To do = Please restate word for word each line from the one containing "Royal Rose Garden Bulldogs Coasters" to the last line of the records below, and drop the pictures.
▼▼▼
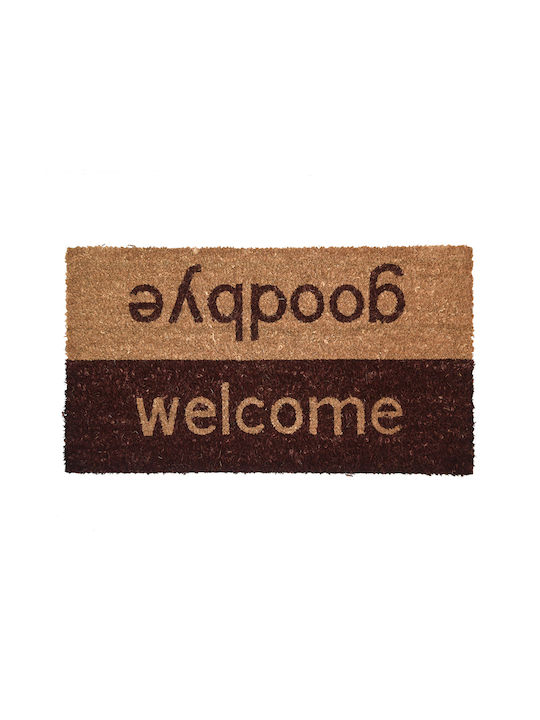 Entrance Mat made of Coir with Anti-slip Backing Welcome 40x70cm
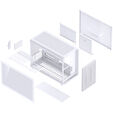 Jonsbo D33 STD PC-Geh&auml;use, Mini-Geh&auml;use, mATX, Tempered Glass - wei&szlig; image number null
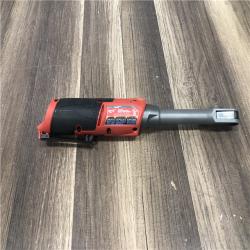 AS-IS Milwaukee FUEL INSIDER 12V Lithium-Ion Brushless Cordless 1/4 in. - 3/8 in. Extended Reach Box Ratchet (Tool-Only)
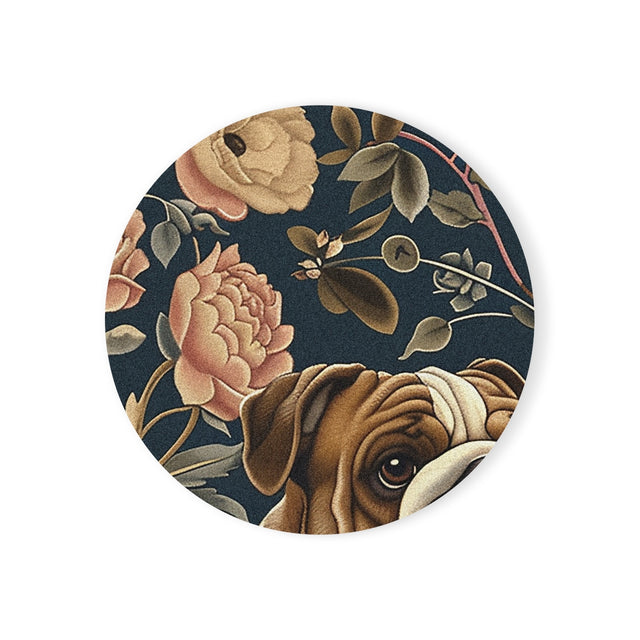 Royal Rose Garden Bulldogs Coasters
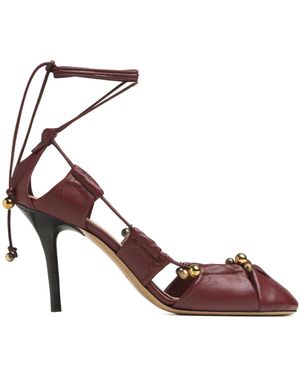Chloé Chloé Luna Knotted Strap Court Shoes - Pink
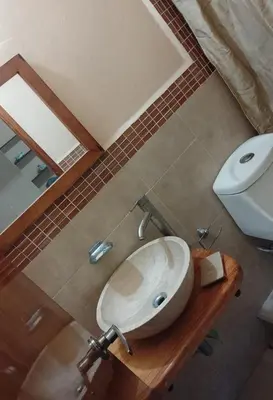 Un baño de Cozy little beach house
▲▲▲
Result of this task =
 Royal Rose Garden Bulldogs Coasters
Chloé Chloé Luna Knotted Strap Court Shoes - Pink
 Un baño de Cozy little beach house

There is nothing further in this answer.